I often wonder at the short-termist thinking of those who say things like this: as Mary rightly points out, it wouldn’t stay that way for long.

In particular, birth rates always fall as a society approaches its carrying capacity. For agrarian societies this was almost entirely a function of how much grain the land could produce. Modern societies have other limits, including living space and living standards, but the principle remains the same.

Despite the undoubtedly sincere worrying of feminists, families have always found ways to control their reproduction when necessary. That happened in agrarian societies, it happens today, and it will happen in the future, whatever it may look like.

Besides all which, a significant fall in the human population would be no bad thing. Throughout human history population falls have been a natural and necessary way for living standards to improve. We have not escaped the cycle of history, and we should look to the coming population adjustment with equanimity.

jim payne
jim payne
3 years ago
Reply to  chrisjwmartin

Is the fact that birthrates are only falling in developed countries?
It would seem in some less developed countries, births continue as before and as the “12 Century” impoverished women, can have little help to slow down their rate of pregnancies.

chrisjwmartin
chrisjwmartin
3 years ago
Reply to  jim payne

No, birth rates have fallen starkly in nearly all of the developing world too. Not as much as the developed world, but still a big fall.

Steve Gwynne
Steve Gwynne
3 years ago
Reply to  chrisjwmartin

https://www.bbc.co.uk/news/

What about Africa?
The population of sub-Saharan Africa is expected to treble in size to more than three billion people by 2100.

And the study says Nigeria will become the world’s second biggest country, with a population of 791 million.

As such, we can expect to see diminishing national populations supplemented by mass migrations from Africa.

Brian Dorsley
Brian Dorsley
3 years ago

Most Western left-wing politics is designed to reduce population growth: abortion, LGBQT lifestyles, feminism etc. My wife and I have considered having children, but are put off by the costs, the ‘need’ to have a job, and simply the hard work of it all.

Many of my friends have children but seem to regard them as a ‘mini-me’ or a lifestyle accessory. Occasionally I indulgently wonder if I’m missing out on some wonderful experience until the moment I hear the shrill ear-splitting shriek of a two-year old in the grocery store.

Anton Nadal
Anton Nadal
3 years ago
Reply to  Brian Dorsley

Left-wing politics are not designed to reduce population growth. They are designed to give individuals the right of choice over their lifestyles. The birth rate in the West is not declining as a result of lrft wing politics (if only because there are but few left wing governments around). Heterosexual families are the norm. Try looking in the precariousness that forty years of neoliberalism has imposed in the lives of the people who depend on jobs for subsistence, you’ll find a more logical explanation there. I’m not discounting other cultural factors that may shape young people’s expectations.

Matthew Powell
Matthew Powell
3 years ago

Rapidly falling birth rates may not be an existential threat but they certainly are a financial one.

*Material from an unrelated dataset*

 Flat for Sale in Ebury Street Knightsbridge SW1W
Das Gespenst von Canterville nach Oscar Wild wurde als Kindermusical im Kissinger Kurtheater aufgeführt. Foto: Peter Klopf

Our savings only make up part of our pensions, the rest is made up of from the continued economic growth of the next generation and as such pensions are reliant on keeping the dependant to worker ratio low enough to be able to afford them. Increase this ratio too quickly and pensions will become unaffordable, which is exactly what happens when the birth rate declines rapidly, as it is now.

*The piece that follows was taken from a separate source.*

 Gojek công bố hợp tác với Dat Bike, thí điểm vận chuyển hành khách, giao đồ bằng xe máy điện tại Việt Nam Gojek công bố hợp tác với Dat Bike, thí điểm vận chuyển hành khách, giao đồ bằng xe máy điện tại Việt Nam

Immigration can mitigate this but it is effectively a ponzi scheme. You will need more migration tomorrow than you did today to sustain the same dependant to worker ratio, so migration would have to increase infinitely to sustain the ratio you started with.

Whilst the choice to have children is up to the individual, there becomes a communal aspect when you realise that in a population with a low birth rate, those who bore the costs of raising children are effectively having their children pay for their pensions, and the pensions those who didn’t have children.

Of course I don’t suggest we punish the childless but it would certainly help if society and the government was more supportive of families and recognise that children and families are a necessity, not a life style choice.

unconcurrentinconnu
unconcurrentinconnu
3 years ago
Reply to  Matthew Powell

A little bit of truth and a little bit of exaggeration there. We don’t need large families, nor population growth. In fact, a smaller population would have many benefits in terms of space, pollution, congestion, wildlife, and even house prices. It would just be an adjustment process in moving to a policy of population decline – and we are all used to adjusting in the face of never ending change.

Matthew Powell
Matthew Powell
3 years ago

What your omitting is that modern pensions have been structured in a way that require high levels of continued economic growth to afford them and that population growth has been used as a short cut to easy economic growth, to make up for the short fall in productivity growth.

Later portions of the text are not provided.